Autre remarque qui ne cadre pas avec les contraintes qui auraient été imposées à un agent : Mehdi Ben Barka n’a jamais varié de sa ligne politique et idéologique, à savoir le développement du combat anticolonial et anti-impérialiste par le renforcement de la solidarité internationale tout en préservant le mouvement du tiers-monde des influences aussi bien soviétique que chinoise. Cette ligne de conduite n’a jamais changé, même après ses passages à Prague. Quant à son voyage à Pékin durant l’été 1965, c’était pour convaincre les dirigeants chinois de l’importance de la présence de l’URSS à la conférence tricontinentale, ce que la Chine contestait, arguant que l’URSS était « européenne » ; mais Mehdi Ben Barka insistait sur l’importance des républiques asiatiques.
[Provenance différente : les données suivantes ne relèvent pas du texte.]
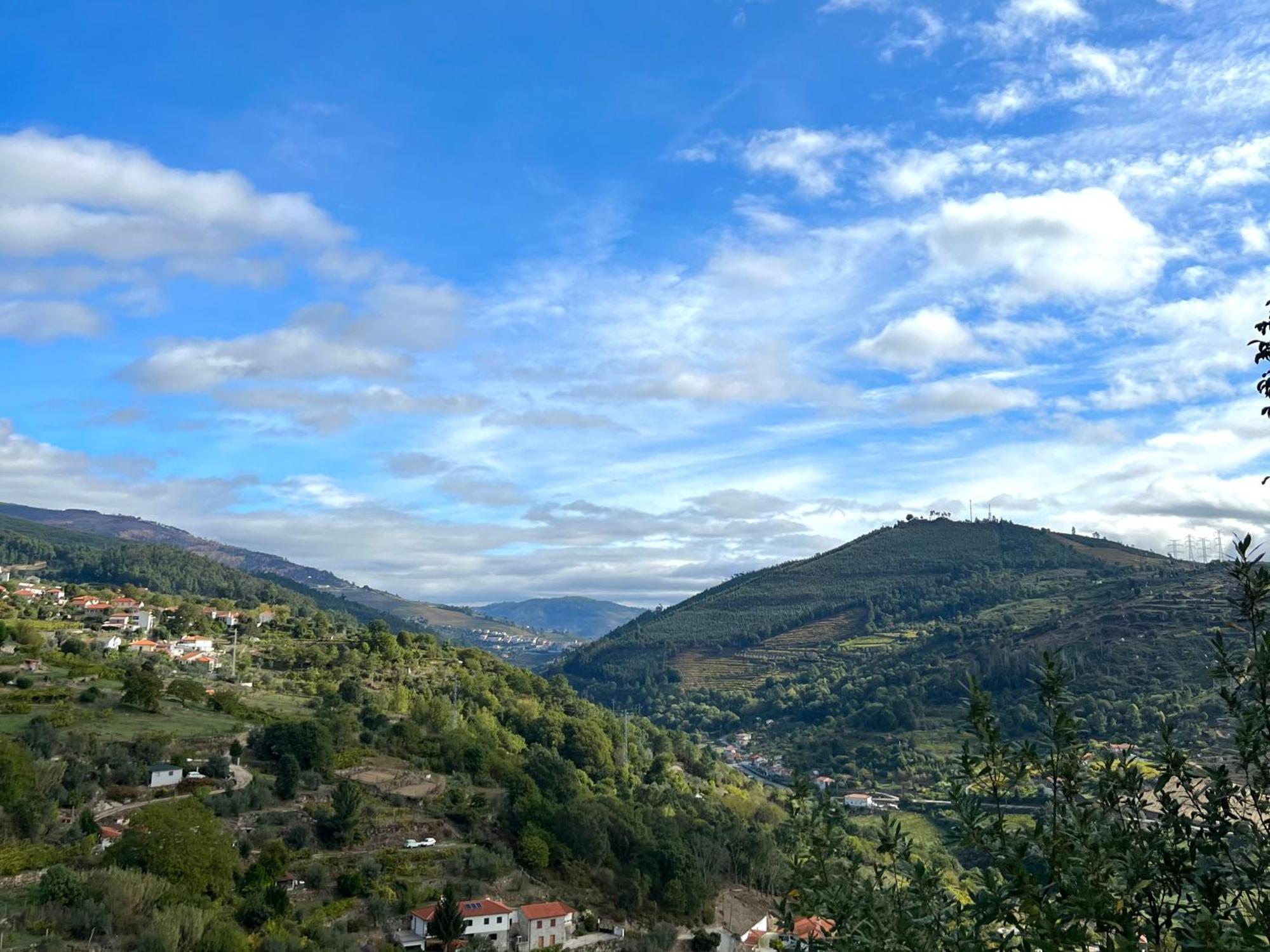 Private Douro- Quinta Das Susandas Мезан-Фриу Экстерьер фото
Il a eu finalement gain de cause. Le « noyau dur » tiers-mondiste indépendant de la Chine et de l’URSS au sein de la Tricontinentale autour de Mehdi Ben Barka avait un poids suffisamment fort pour imposer sa présidence au sein de son Comité préparatoire, qui a été décidée unanimement.
LA MÉMOIRE BAFOUÉE
La famille de Mehdi Ben Barka est profondément choquée et indignée par ces pseudo-révélations fabriquées volontairement à charge, sans aucun recul ni analyse des situations, du contexte historique et politique. L’objectif recherché est de porter atteinte à sa mémoire, de dénaturer le sens de son action politique et de sa pensée en faveur de la lutte des peuples contre le colonialisme, l’impérialisme et le sionisme, pour leur émancipation politique et sociale et pour la démocratie.
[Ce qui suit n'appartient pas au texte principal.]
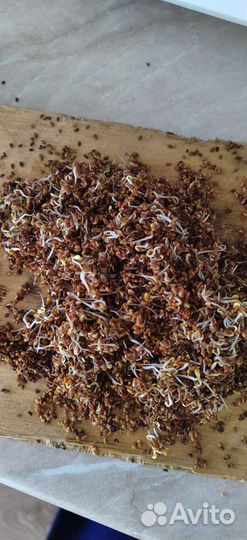 Продаю семена люцерны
Certes, victime d’un enlèvement — un crime politique — le 29 octobre 1965, il n’a pas pu mener à son terme son combat pour la modernisation de la société marocaine et l’unification des mouvements progressistes du tiers-monde. Mais ses idées et son œuvre ont nourri et nourrissent encore les luttes de plusieurs générations de Marocains et au-delà. Comme les tentatives précédentes, les dernières atteintes à sa mémoire ne sauraient altérer son combat ni diminuer la portée de sa contribution à l’émergence d’une société nouvelle.
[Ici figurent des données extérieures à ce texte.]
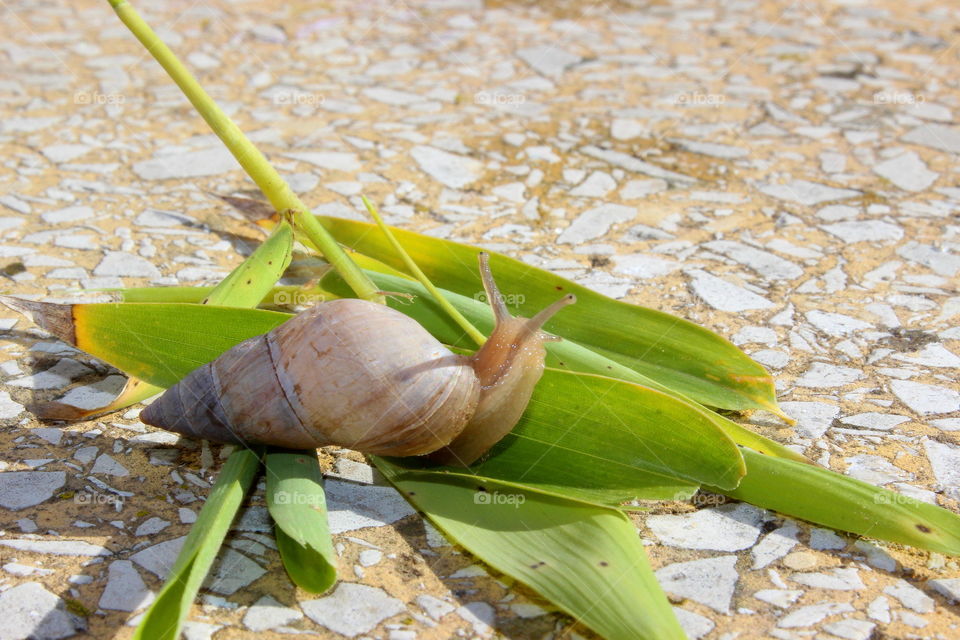 snail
Enfin, nous sommes surpris de la facilité avec laquelle certains peuvent accéder à des milliers de documents, alors que, depuis 56 ans, nous avons avec notre avocat Me Maurice Buttin les pires difficultés à consulter ceux d’autres services de renseignement qui pourraient nous aider à connaître enfin la vérité sur le sort de Mehdi Ben Barka.
BACHIR BEN BARKA
Président de l’Institut Mehdi Ben Barka -Mémoire vivante.